Inizia tutto con qualche post pubblicato su pagine di estrema destra, ma gli attacchi più violenti arrivano quando Pietro Dettori, ex social media manager di Beppe Grillo, scrive un post sul blog del comico leader dal titolo: “Cosa succederebbe se ti trovassi con la Boldrini in macchina?”. Alivernini riporta alcuni commenti lasciati degli attivisti del M5S sotto il post: “Prima di tutto inchioderei facendole sbattere la testa sul cruscotto, dopo mi fermerei in autostrada e con un guinzaglio la lascerei attaccata al guardrail”, scrive Fabio.

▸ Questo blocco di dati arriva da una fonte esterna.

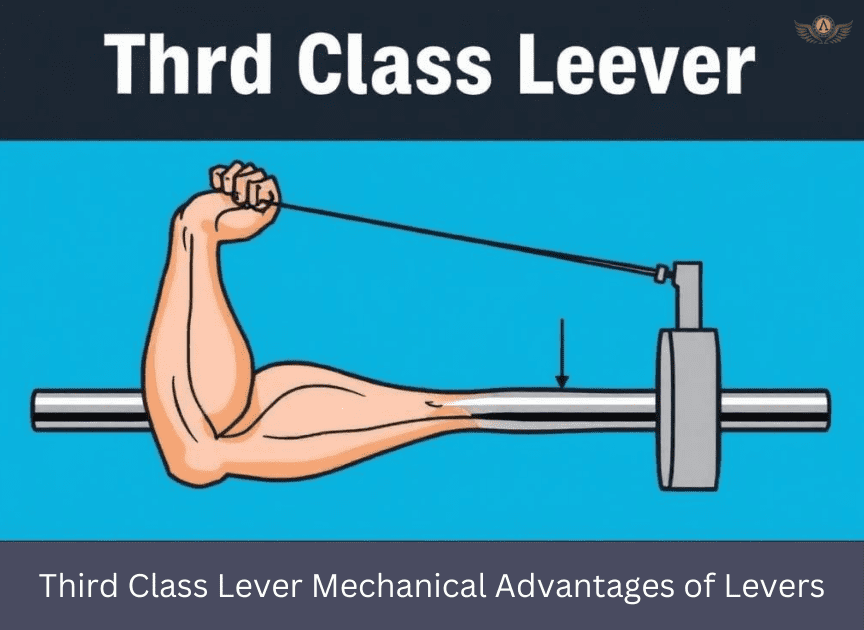 In this type of lever, effort takes place between the fulcrum and the load, as during a biceps curl.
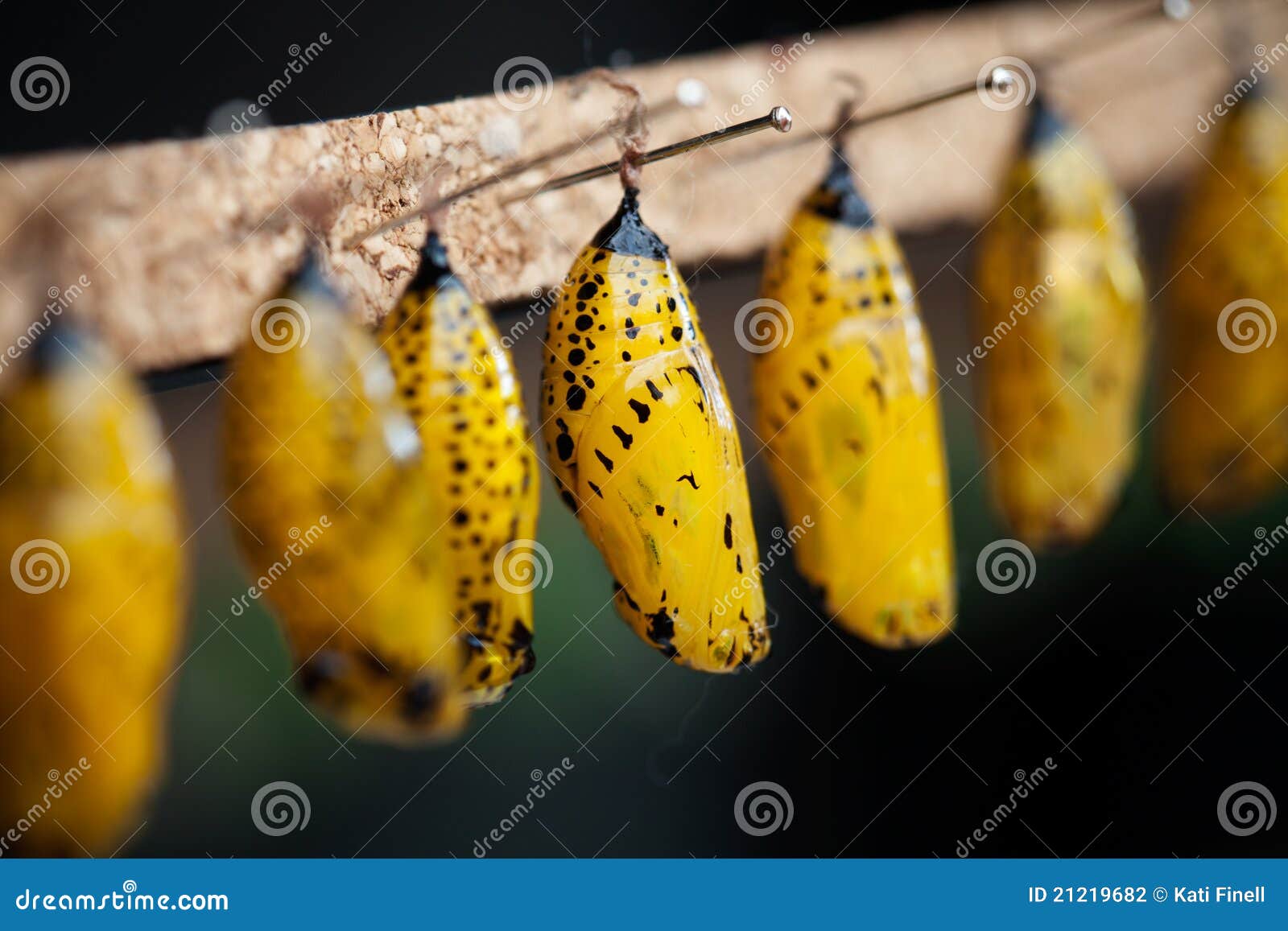 Butterfly pupa stock photo. Image of beauty, fragility 21219682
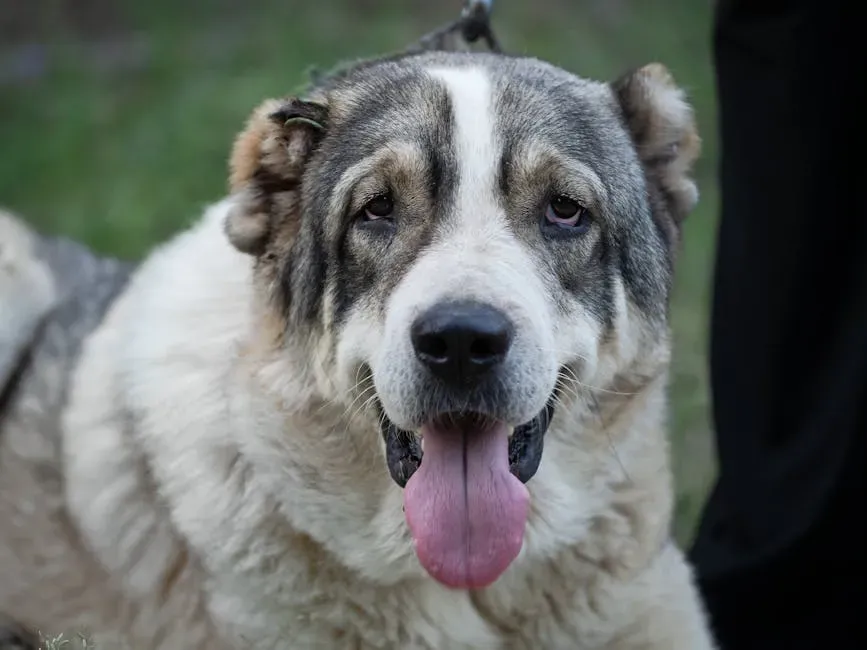6. The Alabai (Central Asian Shepherd): The Ancient Warrior of the Steppes (Image Credits: Pexels)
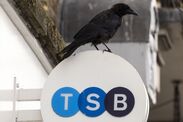 act-now-secure-190-from-tsb-essential-steps-new-customers-before-offer-expires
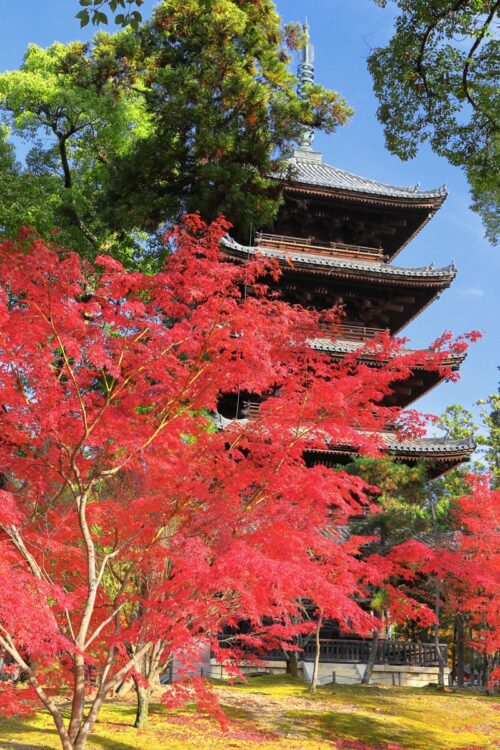 （写真／アフロ）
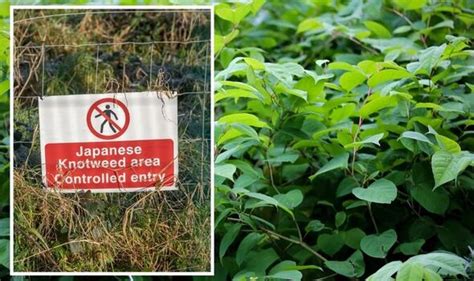 ‘be Vigilant Japanese Knotweed Warning After First Shoots Of 2022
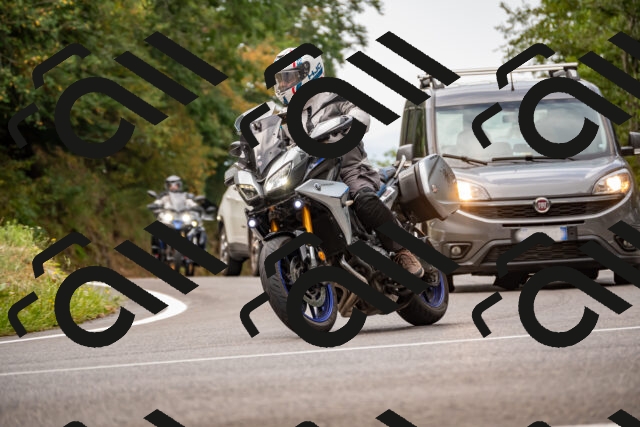 202508171033-_DSC4762_d2_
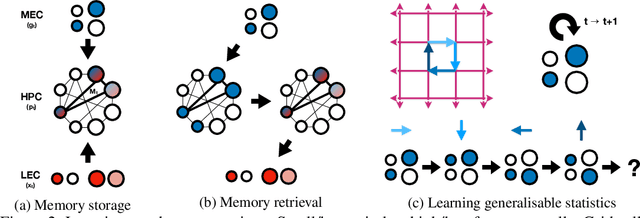 Figure 2 for Generalisation of structural knowledge in the hippocampal-entorhinal system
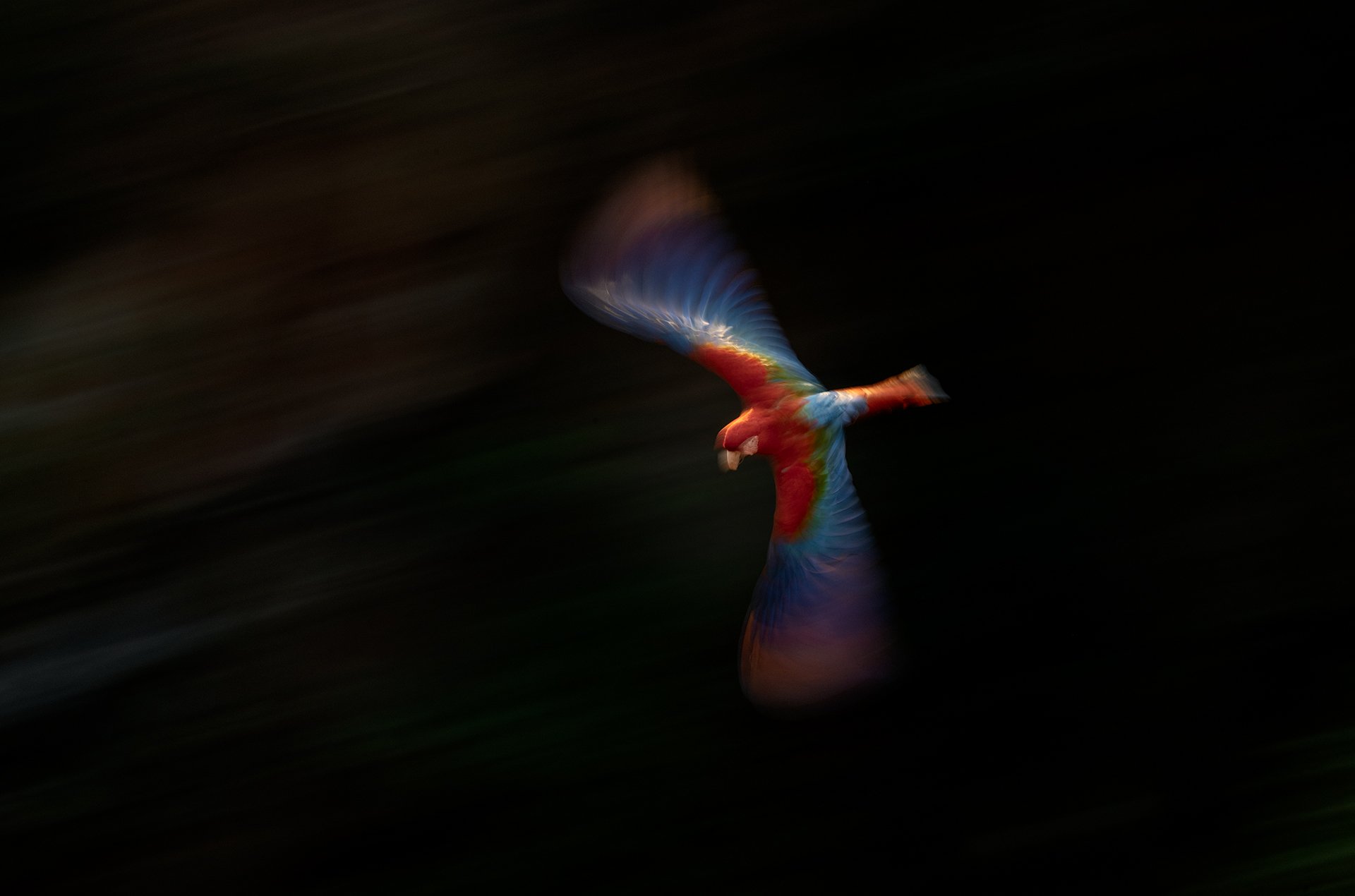 9 RedAndGreenMacaw_flight_motion_AP1v2.jpg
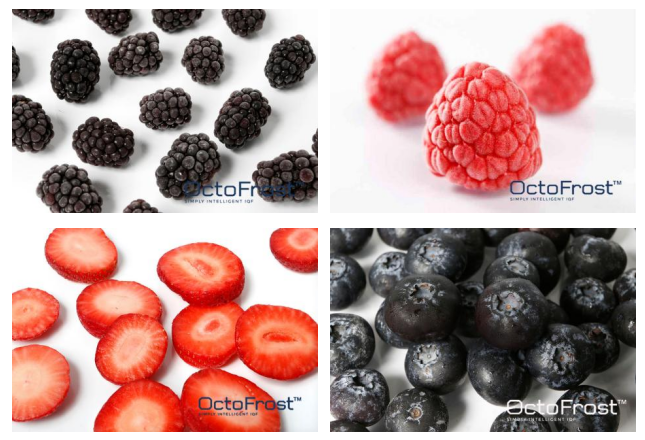 1628576050905250.png ia_400000008.png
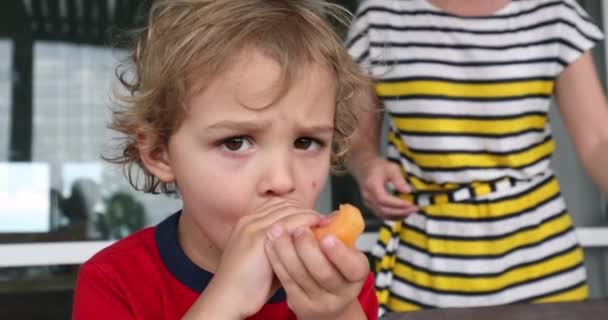 Child Boy Eating Melon Fruit — Stockvideo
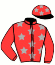 casaque portée par Pellerot F. jockey du cheval de course HAVANE DE CHENU (FR), information pmu ZETURF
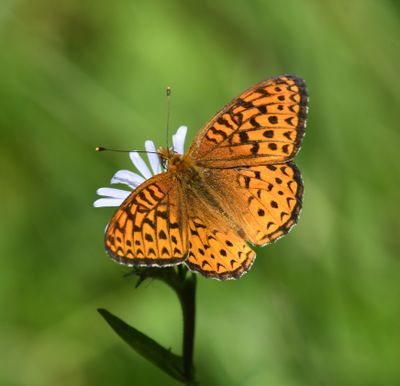 Atlantis Fritillary: Speyeria atlantis
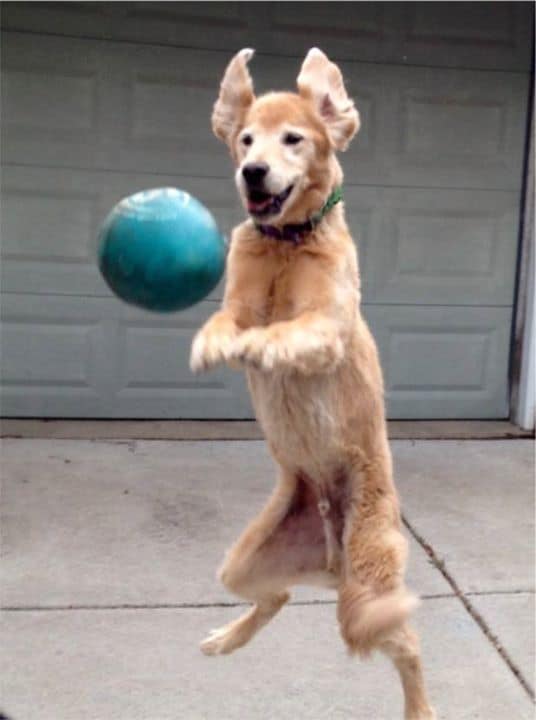 Fun times when my sitter visits!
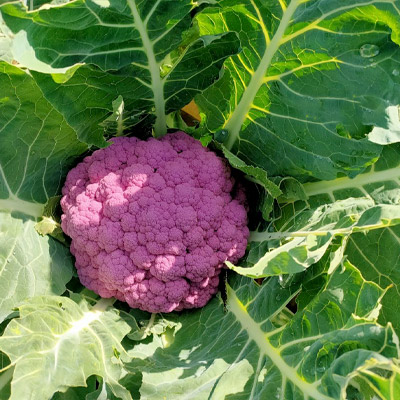 Cavolfiore-Violetto-Siciliano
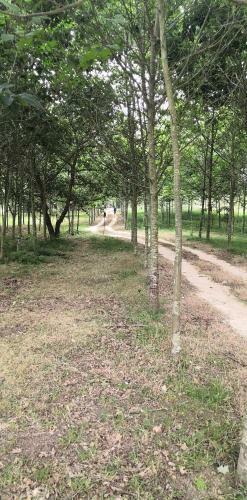 Quinta Do Soldado - Com Piscina E Jardim Privado - Totalmente Renovada 2021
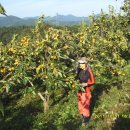 영희농장 이미지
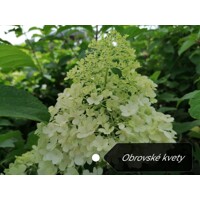 Hortenzia metlinatá - Hydrangea Paniculata ’Limelight' P23  40/50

“Brucio la macchina assicurandomi di aver chiuso le porte”, dice Antonio. “La scaricherei sulla statale, magari fa un po’ di cassa extra”, commenta Samuele. Santo, invece, afferma: “Caxxo in bocca, farla stare zitta per non sparare più minchiate”. Anche Enzo ha le idee chiare: “La metto a pecora e poi la fotto”. C’è pure Carmela: “la riempirei di botte”. “La porti in un campo rom e la fai trombare da un capo villaggio” dice Giulio Candela. “E se gode?” gli risponde Antonio Truffa. “Me la trombo io”, conclude questa fine conversazione Fracassi Gianpietro.

Quando Nicola Biondo, ex responsabile della comunicazione del sedicente Movimento 5 Stelle fece notare all’allora “guru” Gianroberto Casaleggio che quell’operazione era “robaccia”, lui rispose: “Noi dobbiamo imparare a canalizzare il sentiment della rete e usarlo (…). Per il futuro dobbiamo essere in grado di canalizzare questo sentiment senza apparire direttamente, governandolo”.

Col senno del poi, l’operazione pianificata del defunto Casaleggio padre si rivolterà contro la sua stessa creatura: la galassia social “unofficial” messa su per veicolare attacchi ad personam e fake news, verrà in poco tempo “conquistata” dalla “Bestia” di Matteo Salvini, pagina dopo pagina, gruppo Facebook dopo gruppo Facebook, profilo fake dopo profilo fake. Ed è proprio la Lega di Matteo Salvini a rendersi protagonista di quella che Alivernini chiama a ragion veduta “operazione criminale”: l’utilizzo ossessivo del termine “risorse boldriniane” riferito a ogni immigrato (ovviamente solo immigrato) che commette un reato sul territorio italiano.

A quel punto contro Laura Boldrini si scatena un vero e proprio linciaggio mediatico pianificato dagli uomini dell’ex ministro dell’Interno, dai canali ufficiali e non ufficiali della Lega e da molti eletti della succursale italiana di “Russia Unita”. Un linciaggio che convincerà l’ex presidente della Camera a rendere pubblici i nomi dei suoi haters e, successivamente, a denunciarli. Sarà l’inizio della rivincita, i leoni da tastiera trasformati in conigli (un po’ come il loro “capitano”, tanto bravo sui social ma altrettanto abile nel fuggire da domande scomode e processi), una comunità virtuale che si stringerà intorno a lei aumentandone la popolarità.

“La grande nemica” è un libro da leggere, perché parla di quella che forse è la più grande piaga della nostra società: gli analfabeti funzionali. Ha il pregio di non cadere nella logorrea e di essere scritto con un linguaggio semplice, a differenza di molti testi sull’hate speech adatti solo a un pubblico di addetti ai lavori. È un libro che parla di come si può vincere l’odio che si propaga sulla rete, l’odio che ha ucciso la quattordicenne Carolina Picchio, a cui è dedicato il lavoro di Flavio Alivernini. È un libro che dovrebbero leggere soprattutto i più giovani per poi spiegarlo, con pazienza, a molti dei loro genitori.